Problem to work on: Retype every line of the data below, starting with the first and ending with the line that contains "Step 3: Display", but leave out the pictures.

(Records from a collection)
......
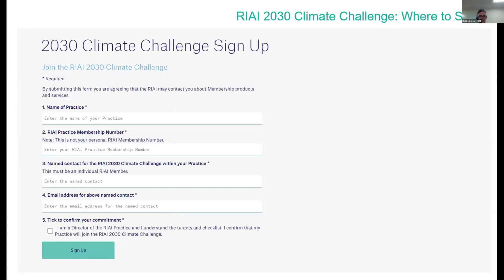You can sign up to the climate challenge on the members area of the website. It's very quick to do — you just need to put in the details shown on screen. We'd encourage everybody on the call to do this at the earliest opportunity. It helps in terms of showing the mandate that the Institute has in terms of speaking on the climate emergency and evidencing the response of the profession in taking up the challenge.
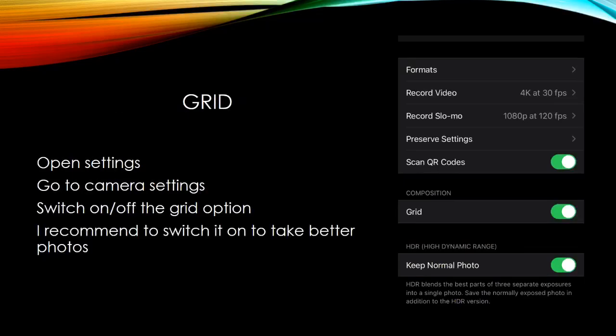Grid: open settings, go to camera settings, switch on or off the grid option. I recommend to switch it on to take better photos.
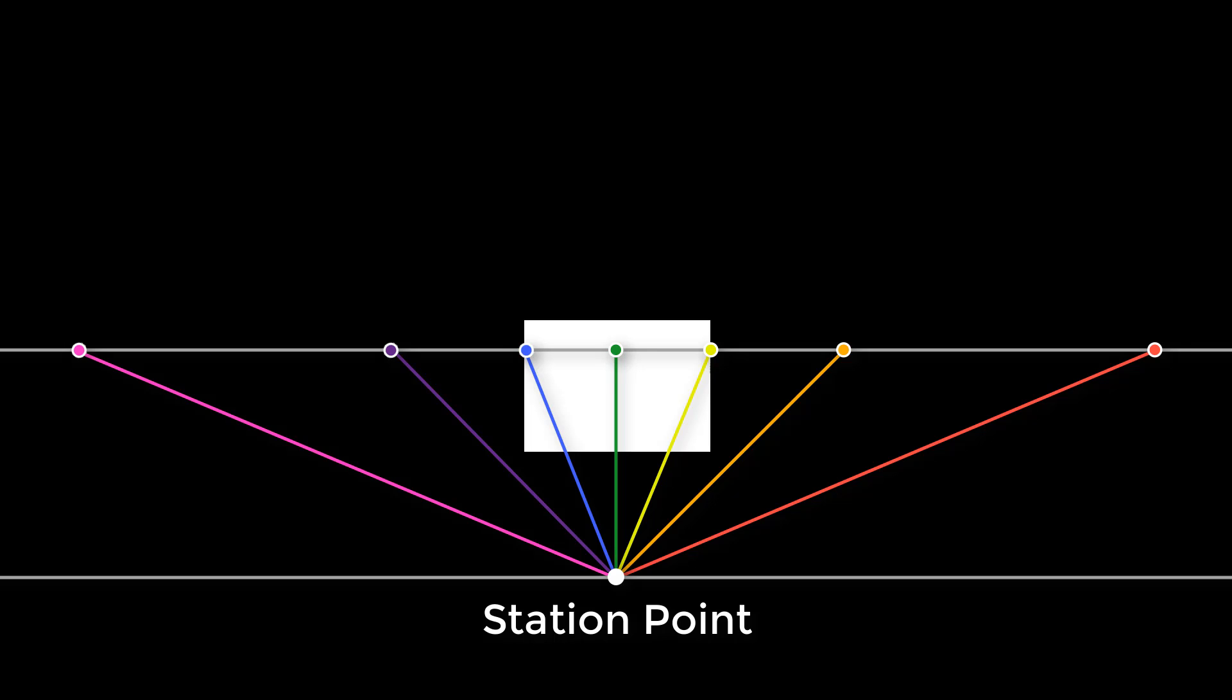Hello, my name is Emily, and in this video I will explain what a station point is and where to put a station point while drawing in perspective.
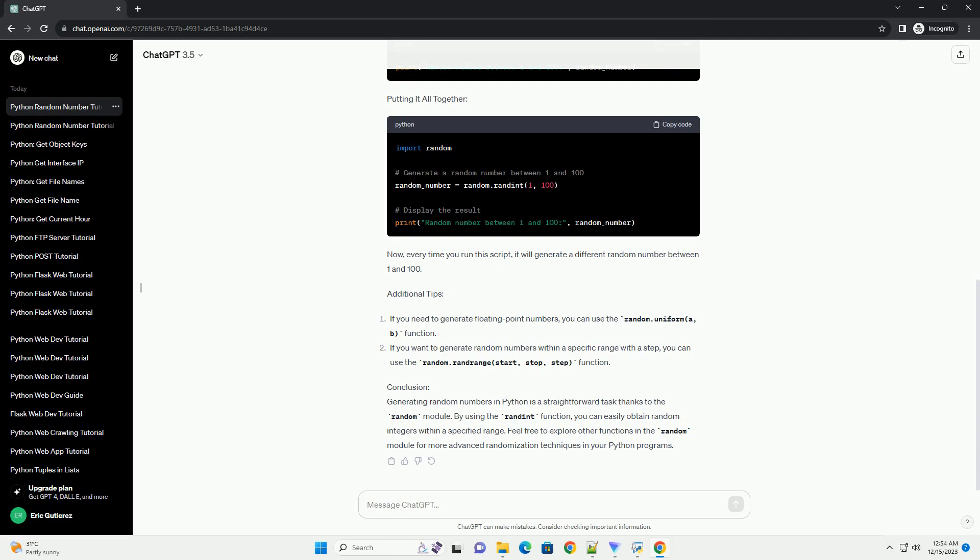Step 3: Display the result. Now that we have generated a random number, let's display it to the user.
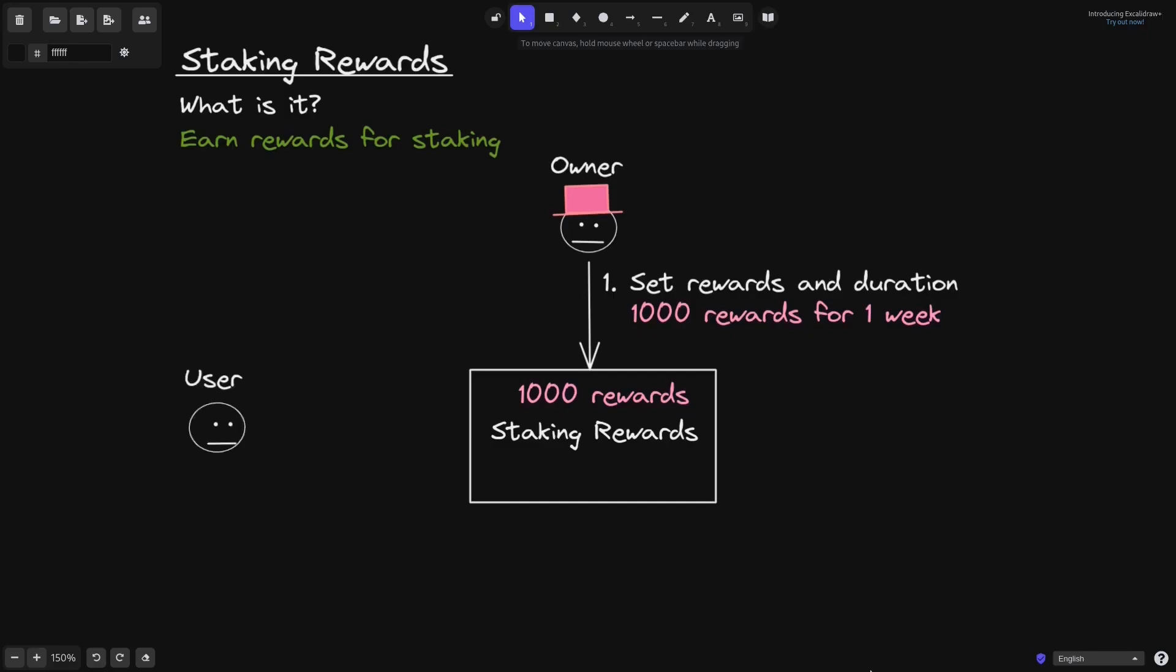Once the owner sets the rewards and the duration, the users will be able to stake their token and start earning the rewards. For example, let's say that the user stakes 200 tokens into this contract.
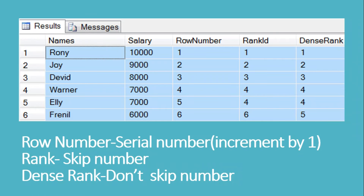Now let's see our fourth approach using DENSE_RANK, an advanced SQL window function. First let's understand the difference between ROW_NUMBER, RANK, and DENSE_RANK. ROW_NUMBER generates a unique sequential number for every row, even if rows have the same value — so even for duplicate salaries it increments by 1.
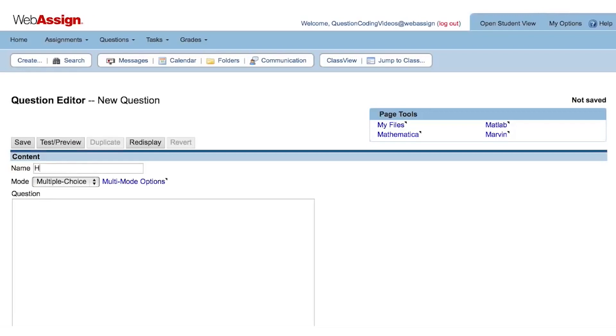Let's call this question HW for homework, Chapter 1, Question 1.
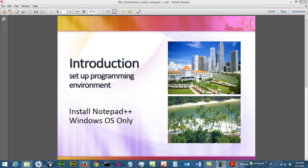Hi, in this video we are going to go through how to install Notepad++. That is part of the procedure you need to set up your programming environment, and you can use Notepad++ for most programming languages.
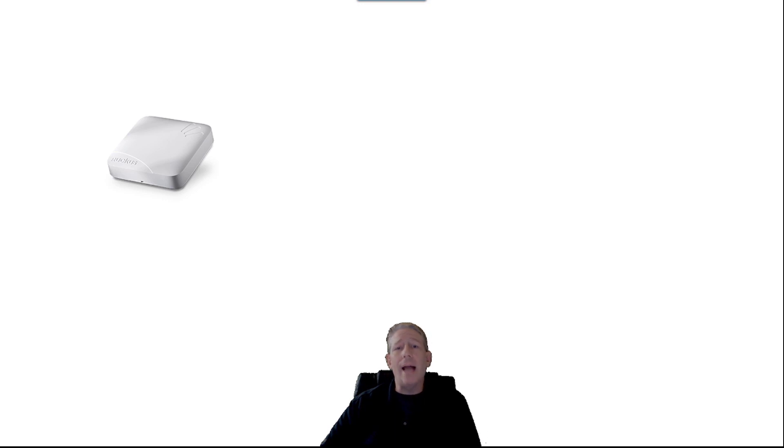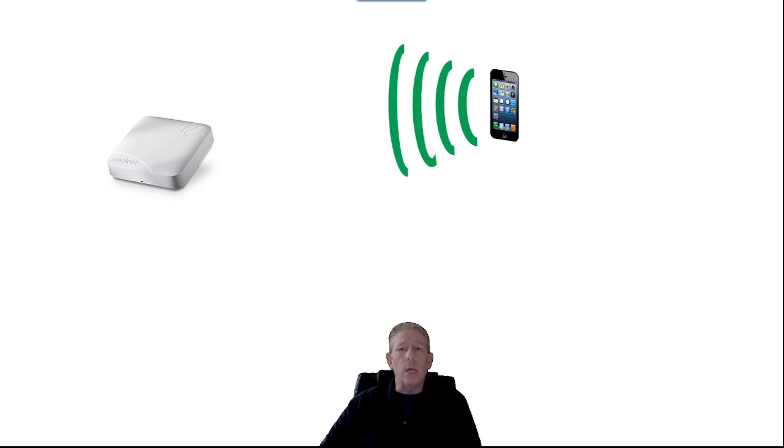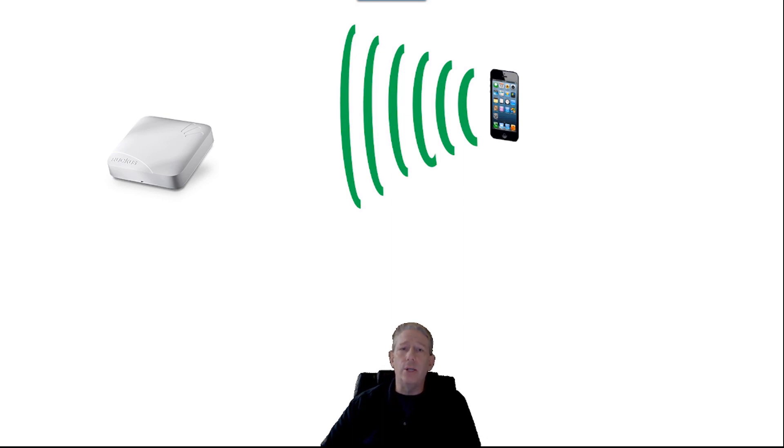Stations that do not use passive scanning use active scanning, accomplished by the client device sending out a probe request looking for any access point using the SSID in the probe request. Every AP that hears that request and uses that SSID will respond. However, some stations can send out a null probe request.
......
Solution for this task:
You can sign up to the climate challenge on the members area of the website. It's very quick to do — you just need to put in the details shown on screen. We'd encourage everybody on the call to do this at the earliest opportunity. It helps in terms of showing the mandate that the Institute has in terms of speaking on the climate emergency and evidencing the response of the profession in taking up the challenge.
Grid: open settings, go to camera settings, switch on or off the grid option. I recommend to switch it on to take better photos.
Hello, my name is Emily, and in this video I will explain what a station point is and where to put a station point while drawing in perspective.
Step 3: Display the result. Now that we have generated a random number, let's display it to the user.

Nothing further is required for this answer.